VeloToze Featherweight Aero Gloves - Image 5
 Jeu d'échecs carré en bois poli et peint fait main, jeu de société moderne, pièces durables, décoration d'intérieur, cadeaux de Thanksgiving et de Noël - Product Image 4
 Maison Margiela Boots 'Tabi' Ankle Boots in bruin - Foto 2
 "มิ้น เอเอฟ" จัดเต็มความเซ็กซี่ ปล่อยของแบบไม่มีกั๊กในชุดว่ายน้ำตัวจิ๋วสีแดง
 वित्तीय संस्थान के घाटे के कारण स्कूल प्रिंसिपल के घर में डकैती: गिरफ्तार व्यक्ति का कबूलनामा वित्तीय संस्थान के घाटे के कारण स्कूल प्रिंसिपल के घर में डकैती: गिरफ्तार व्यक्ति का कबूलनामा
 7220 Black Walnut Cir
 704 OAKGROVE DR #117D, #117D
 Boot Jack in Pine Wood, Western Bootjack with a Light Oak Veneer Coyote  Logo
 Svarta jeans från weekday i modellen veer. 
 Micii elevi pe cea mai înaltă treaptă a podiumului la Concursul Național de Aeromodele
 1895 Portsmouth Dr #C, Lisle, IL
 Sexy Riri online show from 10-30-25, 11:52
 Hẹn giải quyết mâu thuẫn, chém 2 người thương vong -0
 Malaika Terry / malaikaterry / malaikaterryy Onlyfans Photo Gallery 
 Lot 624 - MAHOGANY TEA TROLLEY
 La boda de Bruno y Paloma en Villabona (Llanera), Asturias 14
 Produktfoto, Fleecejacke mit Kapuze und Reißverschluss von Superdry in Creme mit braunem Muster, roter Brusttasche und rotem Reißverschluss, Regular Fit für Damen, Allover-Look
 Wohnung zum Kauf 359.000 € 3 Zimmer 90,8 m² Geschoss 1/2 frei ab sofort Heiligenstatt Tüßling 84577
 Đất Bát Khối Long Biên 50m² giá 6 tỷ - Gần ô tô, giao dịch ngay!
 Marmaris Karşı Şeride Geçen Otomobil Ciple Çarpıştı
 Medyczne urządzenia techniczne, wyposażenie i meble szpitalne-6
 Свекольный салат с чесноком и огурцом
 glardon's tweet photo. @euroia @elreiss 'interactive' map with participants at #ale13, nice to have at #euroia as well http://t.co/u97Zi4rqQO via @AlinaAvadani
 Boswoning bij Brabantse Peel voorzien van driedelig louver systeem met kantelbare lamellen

TASK BRIEF: Find all the lines with "Image" in the data and copy them.

RESPONSE FOR THIS EXERCISE:
VeloToze Featherweight Aero Gloves - Image 5
 Jeu d'échecs carré en bois poli et peint fait main, jeu de société moderne, pièces durables, décoration d'intérieur, cadeaux de Thanksgiving et de Noël - Product Image 4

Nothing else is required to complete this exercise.